Deep Learning | Differentiable Programming | |
---|---|---|

Primary purpose | Learning | Learning+Optimization |

Typical usage | Learn-once, Eval-many | Learn-once, Eval-once |

Input granularity | Fat objects (images, voice sequences, lidar scans, full text pages) | Thin objects (products, clients, SKUs, prices) |

Input variety | Homogeneous objects (e.g. images all having the same height/width ratio) | Heterogeneous objects (relational tables, graphs, time-series) |

Input volume | From megabytes to petabytes | From kilobytes to tens of gigabytes |

Hardware acceleration | Hardware acceleration | Good |

Expressiveness | Static graphs of tensor operations | (Almost) arbitrary programs |

Stochastic numerical recipes | Built-in | Idem |

The typical usage is a subtle but important point. From the “Big AI” perspective, training time can be (almost) arbitrarily long: it’s OK to have a computational network being trained for weeks if not months. Later, the resulting computational network usually needs to be evaluated in real-time (e.g. pattern recognition for autonomous driving). This angle is completely unlike supply chains, where the best results are obtained by re-training the network every time. Moreover, from a DP perspective, the trained parameters are frequently the very results that we seek to obtain; making the whole real-time evaluation constraint moot. The expectations surrounding the data inputs both in granularity, variariety and volume are also widely different. Typically, the “Big AI” perspective emphasizes near infinite amounts of training data (e.g. all the text pages of the web) where the prime challenge is to find tremendously scalable methods that can effectively tap into those massive datasets. In contrast, supply chain problems have to be addressed with a limited amount of highly structured yet diverse data. This steers deep learning toward tensor-based frameworks, which can be massively accelerated through dedicated computing hardware, initially GPUs and now increasingly TPUs. Differentiable Programming, being based on stochastic gradient descent also exhibit many good properties for hardware acceleration, but to a reduced degree when compared to static graphs of tensor operations. The importance of the stochastic numerical recipes is twofold. First, these recipes play an important role from a learning perspective. Variational auto-encoders or dropouts are examples of such numerical recipes. Second, these recipes also play an important role from a modeling perspective in order to properly factor probabilistic behaviors within the supply chain systems (e.g. varying lead times). Conversely, there is a huge gap between differentiable programming and mixed integer programming - the dominant approach over the last few decades has been to perform complex numerical optimizations.
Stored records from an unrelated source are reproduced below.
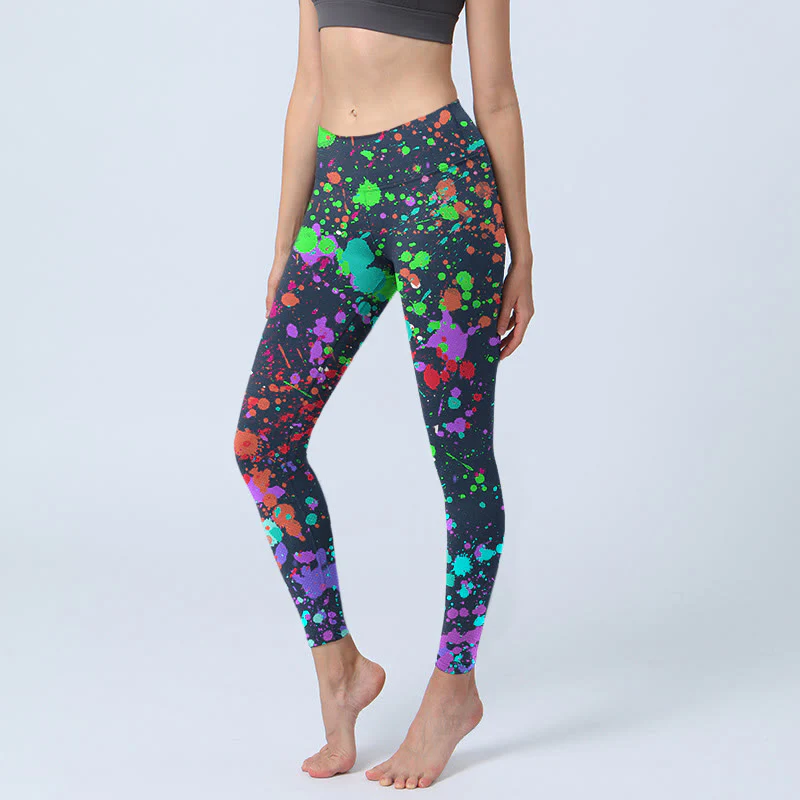 Buddha Stones Black Splash Ink Print Exercise Leggings Women's Yoga Pants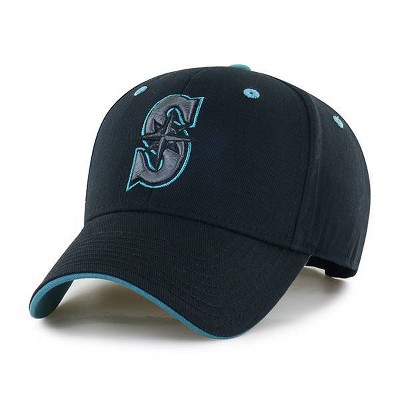 MLB Seattle Mariners Youth Black Money Maker Hat: Cotton Twill, Adjustable Snapback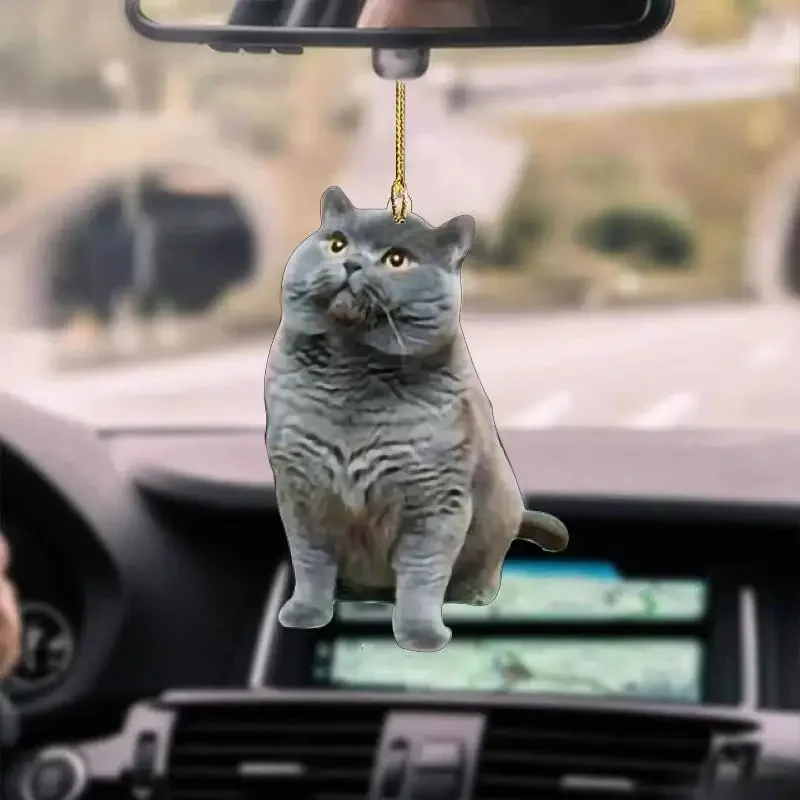 Cute Kitten Puppy Acrylic Mirror Pendant Car Decor Auto Interior Accessories Adorable Animal Theme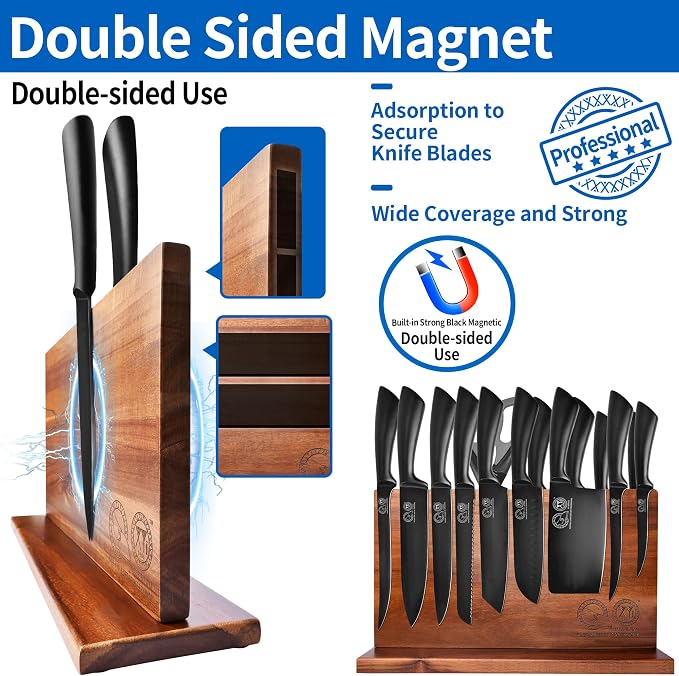 XYJ Professional Knife Sets for Master Chefs, Knife Block Set | Meat Cleaver Butcher for Camping,Chef Knife Set with Magnetic Knife Block,Stainless Steel Kitchen Knives Tools Kit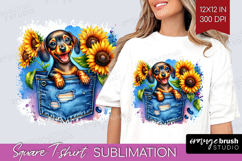 Denim Square Tshirt Background - Dog In Pocket PNG Product Image 1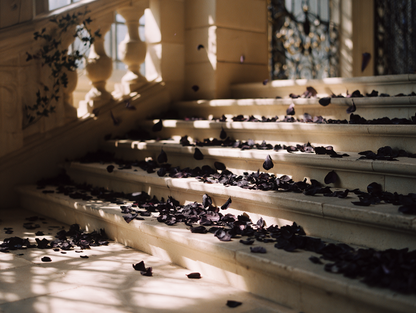 Pétales de rose noir éparpillés sur un escalier de château en pierre — confettis mariage élégants | The Originea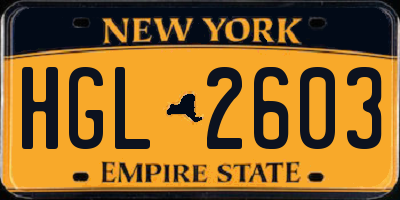 NY license plate HGL2603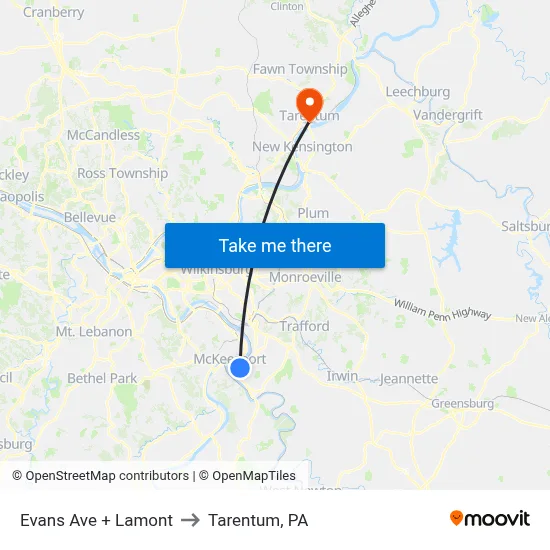 Evans Ave + Lamont to Tarentum, PA map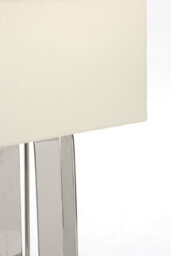 Orsina Mateo Geometric Table Lamp, Silver Aluminium Base With Cream Fabric Shade, Boutique Accent Lighting - thumbnail 4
Mixed integer Programming | Differentiable Programming | |
---|---|---|

Primary purpose | Optimization | Learning+Optimization |

Input granularity and variety | Thin objects, heterogeneous | Idem |

Input volume | From bytes to tens of megabytes | From kilobytes to tens of gigabytes |

Hardware acceleration | Poor | Good |

Expressiveness | Inequalities over linear and quadratic forms | (Almost) arbitrary programs |

Stochastic numerical recipes | None | Built-in |

In defense of mixed integer programming tools, those tools - when they succeed at tackling a problem - can sometimes *prove* - in the mathematical sense - that they have obtained the optimal solution. Neither deep learning nor differentiable programming provides any formal proof in this regard.

## Conclusions

Differentiable Programming is a major breakthrough for supply chains. It is built on top of deep learning, which proved tremendously successful in solving many “Big AI” problems such as computer vision, but re-engineered at the core to be suitable for real-world challenges as faced by real-world supply chains. Lokad has been building upon its deep learning forecasting technology to transition toward Differentiable Programming, which is the next generation of our predictive technology. However, DP is more than just being predictive, it unifies *optimization* and *learning* unlocking solutions for a vast amount of problems which had no viable solutions before.